■ COLLECTED DATA ■
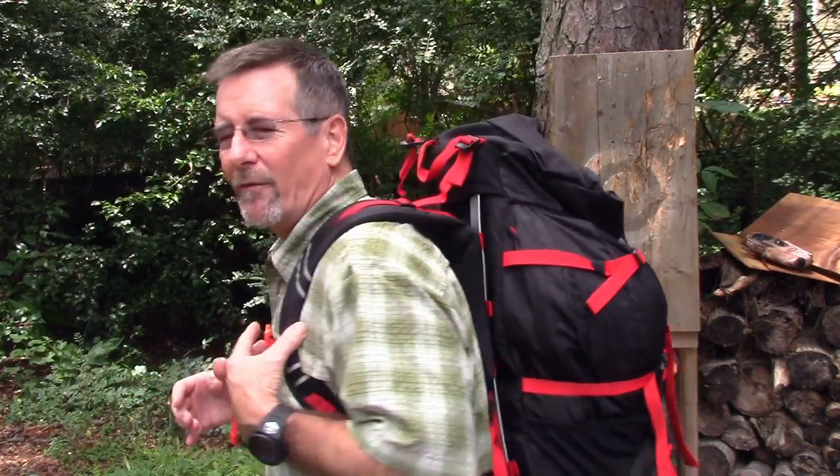As a Scoutmaster and somebody who's been involved with the Boy Scouts for most of my life, I've done my fair share of backpacking. One of the top questions people seem to have about backpacking is what is the ideal pack weight and how much weight should you expect to carry? I'm going to share my own backpacking disaster story and we're going to take a look at a brand new backpack from Scandinavian Gear — all coming up next here on Survival On Purpose.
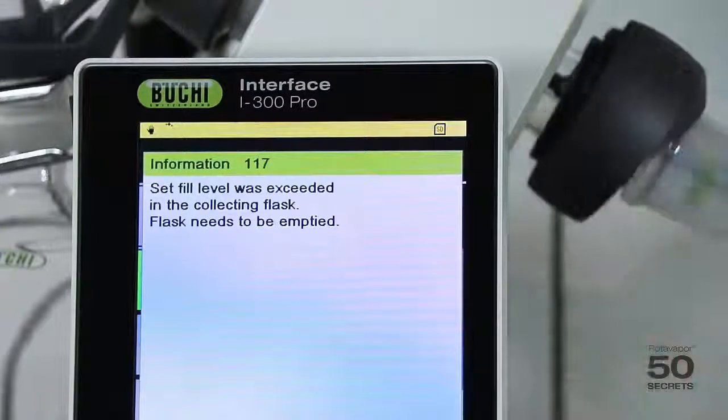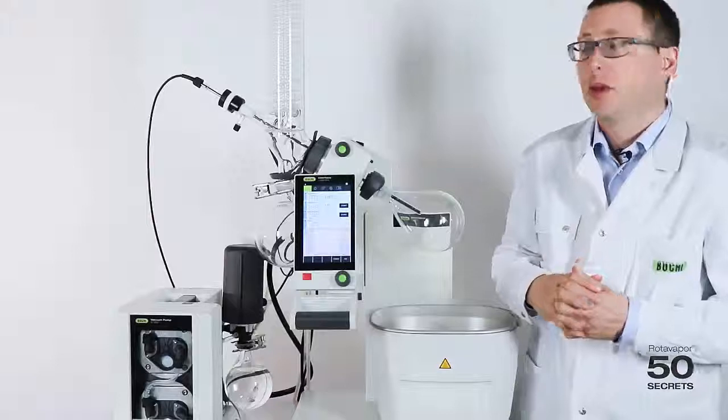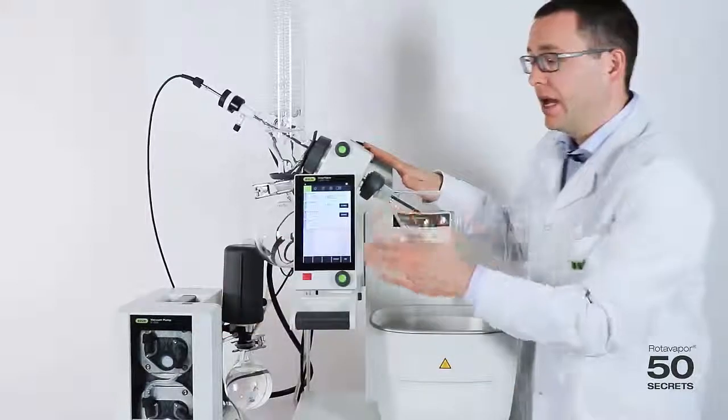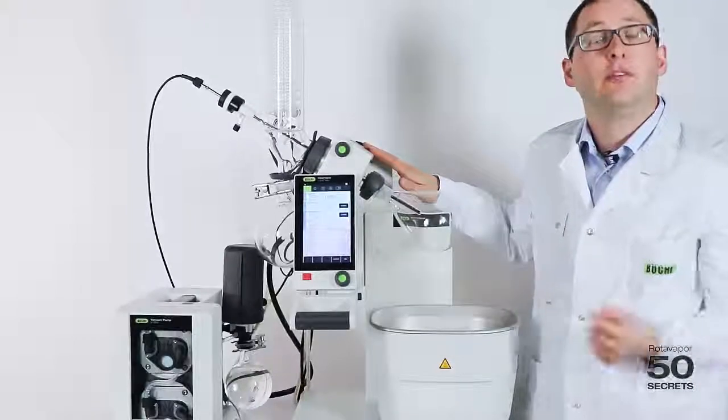As mentioned, the distillation continues. So that's how the level sensor works. It's a perfect combination with the R300, and it's only compatible with the vacuum pump and one of our interfaces. It is not working with house vacuum.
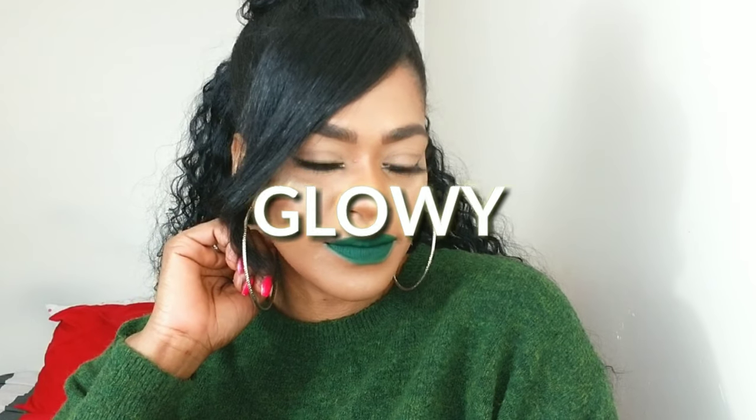Hey guys, I'm Rachel and I'm back with another look. Today we're going for glowy skin and big lashes, so if you want to see how I did that, stay tuned.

■ EXERCISE ■
What you write should match, word for word, the lines from the one containing "As mentioned, the" to the end of the listing, with both ends kept and the pictures left out.

■ EXERCISE ANSWER ■
As mentioned, the distillation continues. So that's how the level sensor works. It's a perfect combination with the R300, and it's only compatible with the vacuum pump and one of our interfaces. It is not working with house vacuum.
Hey guys, I'm Rachel and I'm back with another look. Today we're going for glowy skin and big lashes, so if you want to see how I did that, stay tuned.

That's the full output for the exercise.